Tout en goûtant la profondeur de cette maxime, je me dis que le mieux à faire est de redoubler de fatalisme à mon tour, et je m’exclame quelque chose sur la dureté du métier de commerçant. Ce à quoi il répond du tac au tac, encore qu’un peu entre ses dents : “On peut être commerçant sans être escroc !” - propos qui me semble non moins exact, et peut être d’une ambition plus adaptée à la situation que son précédent aphorisme. “Mais voilà, le patron a décidé qu’il fallait qu’on le vende, et je dois donc le vendre; mais vous, monsieur, ça fait plusieurs fois que vous venez, j’aurais quand même du scrupule à vous vendre ce truc, vous ne reviendriez plus. D’ailleurs, je vais vous dire, même le producteur lui-même reconnaît qu’il n’est pas fameux. Ils ont voulu tenter quelque chose, ça n’a pas pris - d’habitude, ils font plutôt…”, et il fait l’entrechat caractéristique, “… sur une autre terre, celui-là, c’est tout autre chose !” - et comme je déchiffre du mieux que je peux l’étiquette, haussant les épaules, il ajoute avec honnêteté et délicatesse : “… mais c’est pas le même prix”.
En fin de compte, je lui ai acheté à mon tour tout autre chose, mais quittant la boutique je m’interrogeais longuement sur ce vin mal aimé de tous, y compris de ceux-là même à qui il devait le nom et l’existence; et sur la curieuse pratique commerciale à laquelle j’avais assisté.
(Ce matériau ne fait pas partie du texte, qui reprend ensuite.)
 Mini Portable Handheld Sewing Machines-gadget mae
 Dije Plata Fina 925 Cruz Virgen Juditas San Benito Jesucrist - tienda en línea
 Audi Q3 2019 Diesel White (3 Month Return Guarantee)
Dans un moment de suspicion extrême, j’eus même envie de revenir furieusement, d’acheter sans un mot tout le stock, pour m’assurer qu’il n’y avait pas là un nectar extraordinaire que le vendeur espérait garder pour lui - mais revenant à mes sens, je me suis demandé si de telles pensées n’étaient pas plutôt le signe qu’il vaudrait mieux que j’arrête la consommation d’alcool pour quelques temps.